Your instructions: Your task is to restate every entry below word for word and omit the images.

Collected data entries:
○ ○ ○ ○

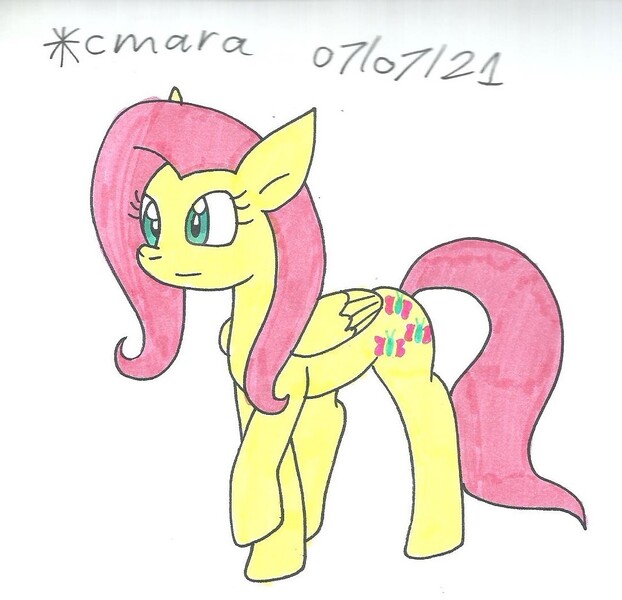 Size: 1092x1053 | Tagged: safe, artist:cmara, derpibooru import, fluttershy, pegasus, pony, female, image, jpeg, mare, raised hoof, simple background, solo, traditional art, white background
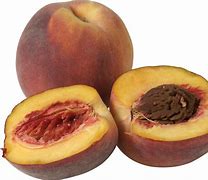 Image result for Flat Peach PNG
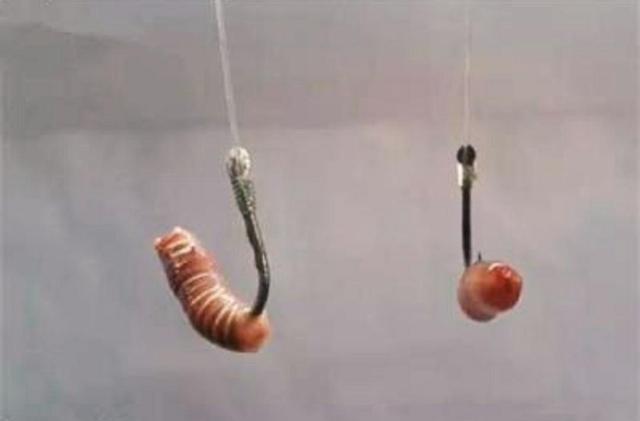 大板鲫|蚯蚓不生活在水中,为何会被用来当鱼饵?有时候也能钓到大鱼?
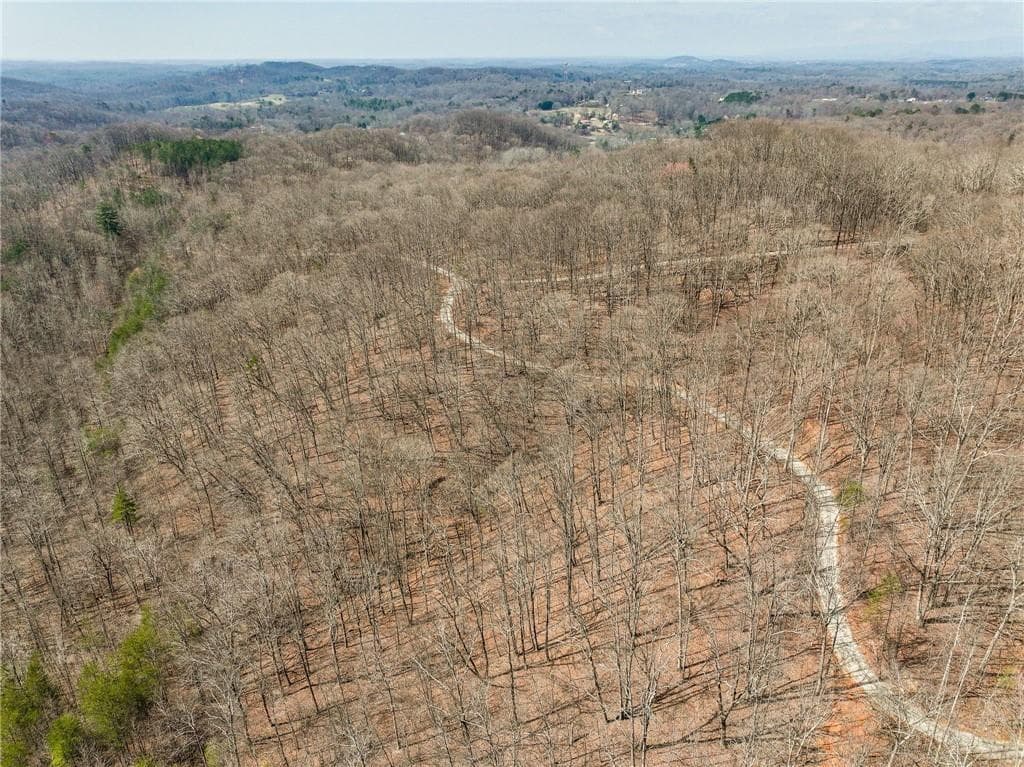 single family residence for sale at Lot 10 Mount Mincie Road, Murrayville, GA 30564 — photo 3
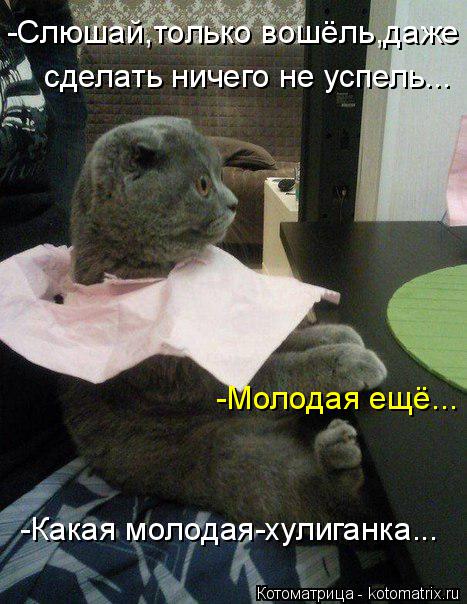 Котоматрица: -Слюшай,только вошёль,даже сделать ничего не успель... -Молодая ещё... -Какая молодая-хулиганка...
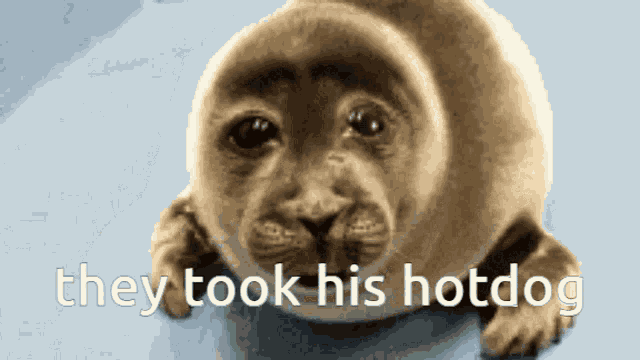 Seal Sad GIF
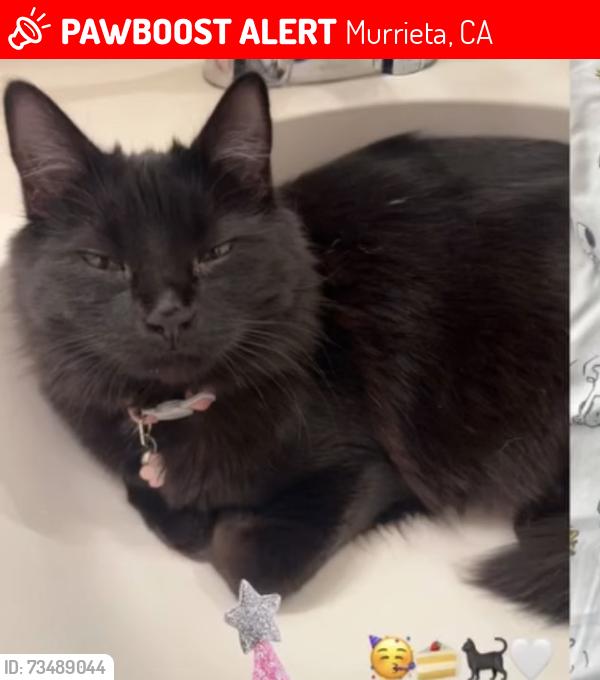 Lost Female Cat last seen Promontory Pkwy, Alamos Elementary, Murrieta, CA 92563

○ ○ ○ ○

Completed exercise:
 Size: 1092x1053 | Tagged: safe, artist:cmara, derpibooru import, fluttershy, pegasus, pony, female, image, jpeg, mare, raised hoof, simple background, solo, traditional art, white background
 Image result for Flat Peach PNG
 大板鲫|蚯蚓不生活在水中,为何会被用来当鱼饵?有时候也能钓到大鱼?
 single family residence for sale at Lot 10 Mount Mincie Road, Murrayville, GA 30564 — photo 3
 Котоматрица: -Слюшай,только вошёль,даже сделать ничего не успель... -Молодая ещё... -Какая молодая-хулиганка...
 Seal Sad GIF
 Lost Female Cat last seen Promontory Pkwy, Alamos Elementary, Murrieta, CA 92563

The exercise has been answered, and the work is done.